We have an example even to show you and you’ll see in this example that the brand of Keurig is not in every shot. It’s very subtle throughout the whole piece, and you know we’re big advocates on response branding. It’s very important that you know who is delivering the message, and you know that you are creating a good compelling message, but you don’t have to go overboard with it. You want, you want good positive branding, but you don’t want to get that negative pushback.

Studies proved that a positive emotional feeling, that sense of joy really connects with the customer really, really quickly, and I think that we have a great example of that. We just did a direct response campaign for a new product called Smileactives, and we were very conscious about when we started the commercial, we had people looking at an iPad, and we had them responding to their before and afters of their yellow teeth to their white teeth, and Smileactives is a teeth-whitening product, and that joy that, that amazement, that excitement was really what grab people’s attention and not only does it grab their attention, but it grabs it in a positive way, therefore you’re feeling good, they’re feeling good, and you’re just, you’re open to the communication, you know, that’s about to come.

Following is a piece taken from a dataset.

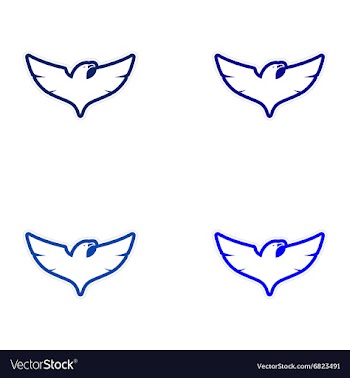 Assembly sticker eagle silhouette vector image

Number three, build an emotional rollercoaster. If you’re giving information, or demonstrating a product, you’re giving them information and you’re providing a solution for them, so they’re-they’re learning something and their attention span is on high, then what we like to try to do is bring in a question, or bring in an objection that potential customer may be having. So when their attention is at high, now you can get, keep their attention by saying, okay, well, what about this, or, or you know, take on that objection, take on that question, and then give the answer or the solution to that, so that attention span goes back up. So, it’s a high and it’s a low, and when I saw low, not low in a bad way, but low in a way that they can hear the question, they can hear the objection that they’re probably having themselves, and they’re opening to it, they’re listening to it, and then you provide that solution and it just keeps that rollercoaster of learning and feeling good, and understanding, and that’s how you kind of weave your way through the storyline into a compelling offer.

Number four, surprise your customer or audience, but don’t shock them.Surprise messaging creates what people do as they share. They tell people like, “Did you see that?” Or, “Check this out.” If you shock somebody, that gets more of just a view. Someone will just view it and they’ll be shocked, and it just kinda goes away. But a surprise message is what you want people to do. You want people to share. You want people to say, “Did you see that? Check this out,” or “Oh, my gosh! You’ll really love this!” And what are they doing by doing that? They’re sharing your message and they’re sharing your advertising for you, and that’s what you want, especially in, you know, our economy of kind of that ‘be everywhere’ economy where, you know, you see something on television, you can follow it up in social media, then you can share it in social media, so we like to always try to keep a surprise message so people will share it, but never, never shock people.

Number five, target viewers who will share your message. With social media, and television, you can be very, very directive on where you want to send your message, so let’s say you’re looking for an audience that is, you know, thirty-five to fifty-five year old women for a beauty product. You can be very, very specific there, and you can be very, very specific with that when you start doing what we start incorporating with our clients now kind of response driven ROI social media that’s in conjunction with our campaigns, and we can focus that same market, so when you focus that same market, most likely that market is going to share your message. So, focus on who you want, and they’re going to help, they’re going to be what I call your army, you know? They’re going to share that message within their, their hemisphere of people, if you will.